Adriana VarejãoThe art of azulejão

An intense reflection on
culture and history

4[Proposal for a Catechesis – Part I Diptych: Death and Dismemberment], 1993 © Adriana Varejão.
Photo by Eduardo Ortega. Courtesy Gagosian Gallery

 
Gagosian Gallery presents Adriana Varejão, perhaps best known for her incisive reflections on the rich yet conflicted history and culture of Brazil, embodied in her “azulejão” or “big tile”. Highly inventive paintings and painted tiles whose complex provenance connects Brazil with Portugal, as azulejo, a square glazed terracotta tile, is the most widely used form of decoration in Portuguese national art.
The azulejo constantly renewed its vigor, reflecting the organic eclecticism of a culture that was both expansive and open to dialogue. Varejão’s “big tiles” are rendered on canvas in plaster and oil paint. The plaster is applied thickly to canvases laid on the ground and then left to dry.

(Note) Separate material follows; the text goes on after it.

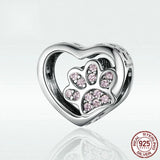 S925 Silver Heart-shaped Pet Paw Print Pink Diamond Inlaid DIY Bracelet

During the drying process, cracks begin to appear, as if by some natural geological phenomenon, so that every surface is unique and unrepeatable.
The works in the current exhibition on view until December 10 2016, conceived specifically with the Rome gallery in mind, are the artist’s largest single tile paintings to date, measuring 180 centimeters squared. Motifs painted in subtle variations of blue and white according to their specific historical referents, are enlarged to the point where they begin dissolving into opulent abstract gestures.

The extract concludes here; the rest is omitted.